Rural areas of Assam (84%), Odisha (76%), Rajasthan (44%) and Tamil Nadu (42%) and urban areas of Odisha (54%) followed by Assam (44%) and Kerala (31%) benefitted from public health facilities.

Table 1

The situation is accentuated by the fact that state-run healthcare facilities form less than one third (26 per cent) and the rest in the private sector, which is unaffordable for average Indians. This could be attributed to the stagnation in budgetary allocation of public funds to healthcare in successive years.

India’s public spending in healthcare is one of the lowest at 3.9% of the GDP (2011), while the economic burden of non-communicable diseases, NCDs, alone was 3.3% of the GDP (2004) or Rs. 84,600 crores (Rs. 846 billion). If NCDs were completely eliminated, the estimated GDP in a year would have been 4-10% higher, according to World Bank data.

Table 2

The Draft National Health Policy 2015 circulated by the federal Ministry of Health and Family Welfare says ‘The failure to attain minimum levels of public health expenditure remains the single most important constraint’ in achieving key goals.

According to a report by international voluntary body Oxfam, an estimated 35% of hospitalisations caused the respective families to be pushed into poverty. “In real terms, it meant health payments pushed 60 million people below the poverty line, per year. To put this into perspective, it is equivalent to the total population of the United Kingdom,” said the report.

Dr. Henk Bekedam, WHO’s Representative to India recently lamented, India has not taken healthcare seriously resulting in huge economic cost to treatment.  He said investment in healthcare means, investing for a healthy population, who could contribute to the economic development.

While national political parties have been claiming development as their key thrust area, healthcare has been given a short shrift. The Draft National Health Policy 2015 circulated by the federal Ministry of Health and Family Welfare says, ‘The failure to attain minimum levels of public health expenditure remains the single most important constraint’ in achieving key goals of development.

 The draft policy says, attainment of the highest possible level of good health and well-being, through a preventive and promotive health care orientation in all developmental policies, and universal access to good quality health care services without anyone having to face financial hardship as a consequence, is its goal.
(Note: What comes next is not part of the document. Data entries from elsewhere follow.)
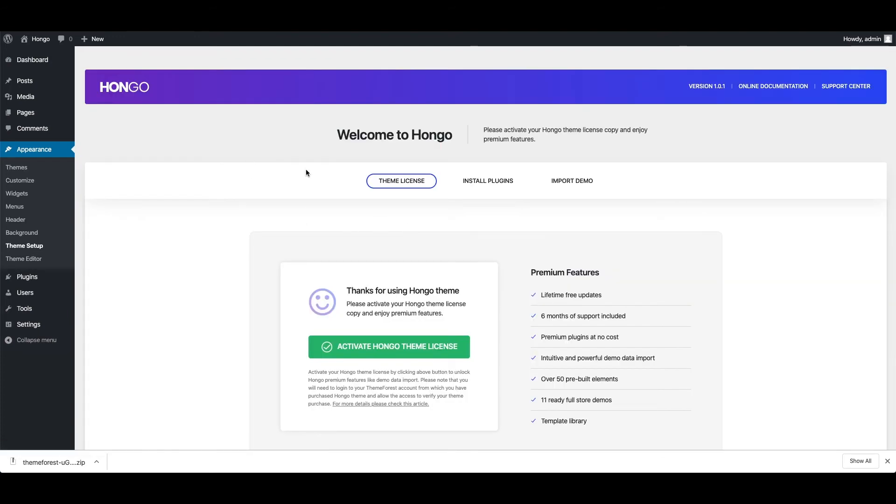These are the two ways to install Hongo theme in your WordPress website. But if you are planning to customize and edit theme core files then it is highly recommended to install child theme and implement your customization in the child theme. This way you will not lose your customization in future theme updates.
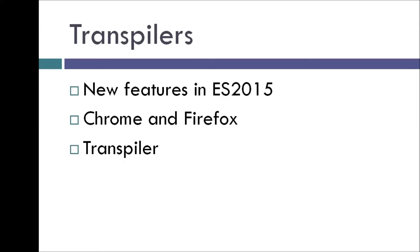Now you might be wondering what is the use of learning ES2015 if it is not yet implemented. This would be a different story if you were watching this video in 2017, but for now this is where a transpiler comes in handy.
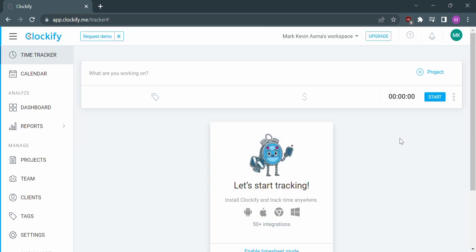Hello guys, welcome back to our channel. In this video, I'll show you how to time track a project on Clockify.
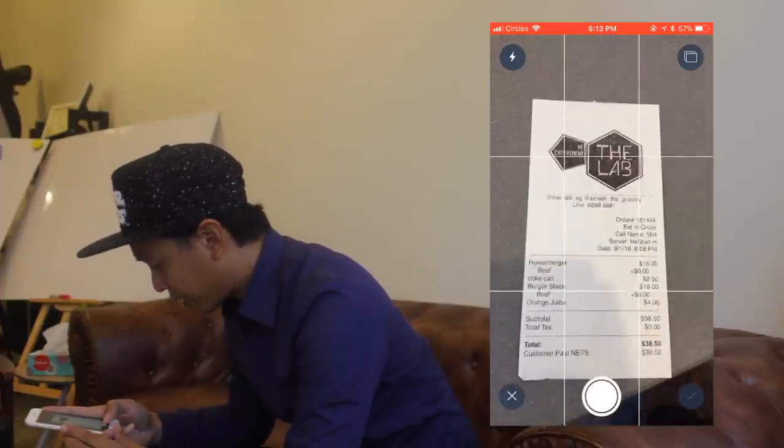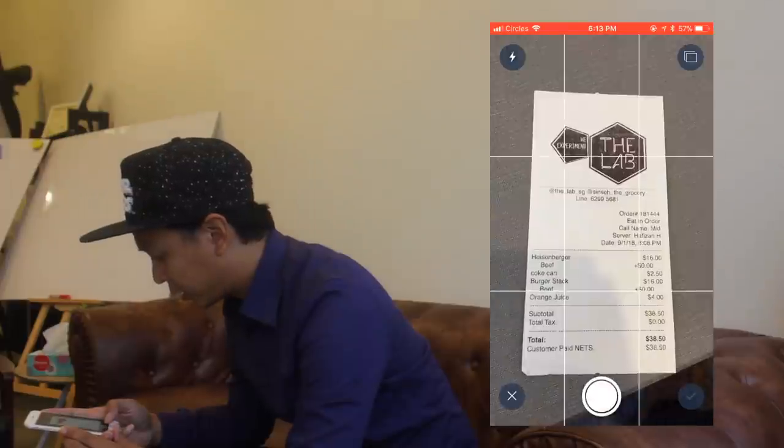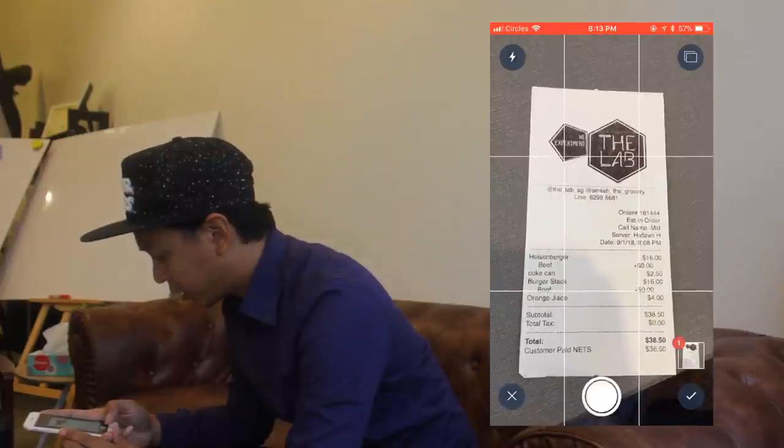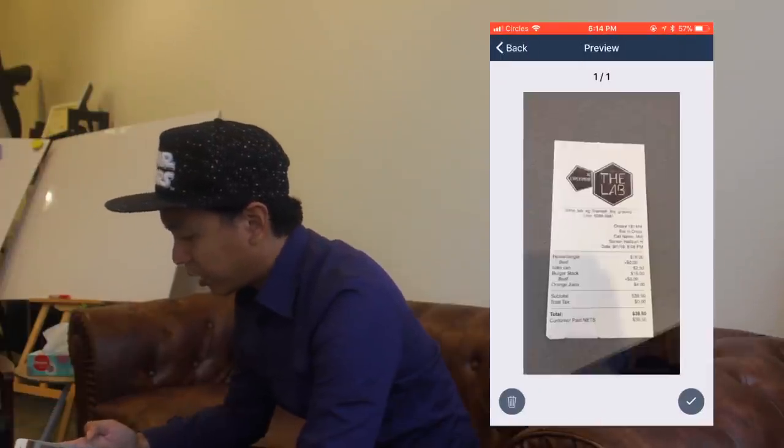Another thing you can do, aside from tracking the money coming in through sales, is you can also track the money used for your expenses. What you can do with all those receipts is get the mobile app and scan them — and they should be in your system.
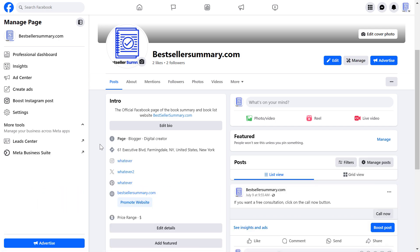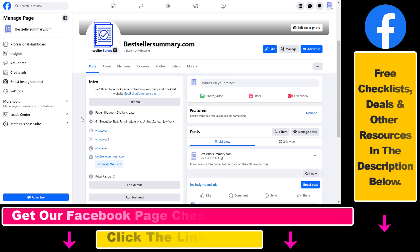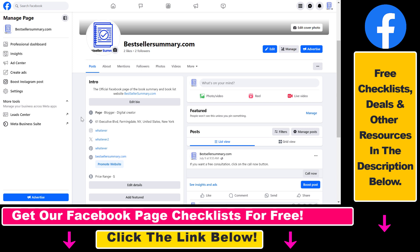If you want to promote your LinkedIn profile from a Facebook page, you can connect or link the LinkedIn account with the Facebook page using the intro section. So if people check out your Facebook page, they'll also be able to click on Instagram, X, Pinterest, or your LinkedIn profile and follow you there as well.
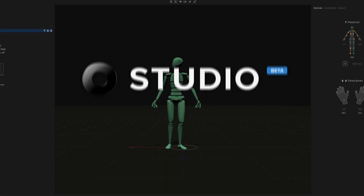Hi all, Sam here, Creative Director of Rococo, and I'm excited to announce the launch of the new Rococo Studio beta.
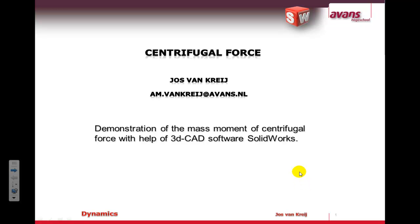Hello, welcome to a very short presentation on centrifugal force. My name is Jos van Krij and in this presentation I'm going to show a little bit about centrifugal force and centripetal force, and then I'm going to switch over to SolidWorks to show some result graphs that I created with help of 3D CAD.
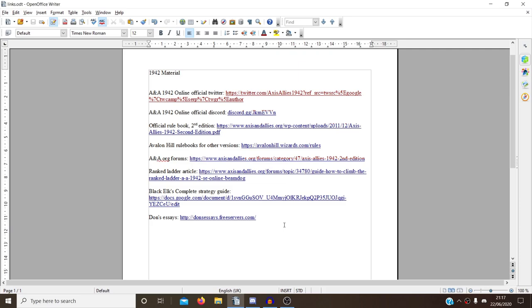I've done a compilation of a lot of the material online for 1942, so various strategy guides, discussions, and links to various things regarding 1942. I thought this would be quite useful to some players, particularly beginners if they're looking for material to read or if they're looking to improve their game.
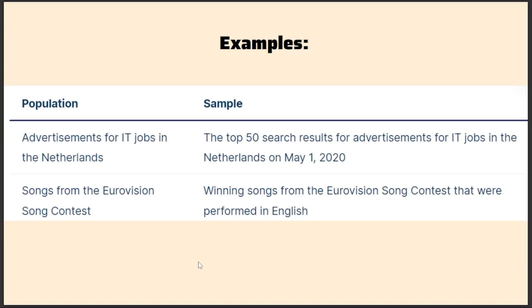Here are some examples of population and sample. The first population is advertisements for IT jobs in Netherlands — there could be many IT job advertisements in digital format, physical format, posters, banners, hoardings, TV ads, etc. The sample can be represented as the top 50 search results for advertisements for IT jobs in the Netherlands on May 1, 2020. Notice how specific the sample is — only top 50 search results on that particular day. So you see, the sample is a small portion of the entire population.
India is also way behind in providing health expenditure protection to its population. Only 131 out of 1000 persons were covered under any state-funded insurance scheme, while 859 had no such benefit. Ten persons out of 1000 had other means expenditure protections. Telangana, Mizoram and Andhra Pradesh had the highest state-funded protection (729, 705 and 694 out of 1000 persons) followed by Chhattisgarh (397) and Kerala (388). Uttar Pradesh and the federally-administered enclaves of Andaman & Nicobar Islands and Lakshadweep had no protection of health expenditure, according to the Survey.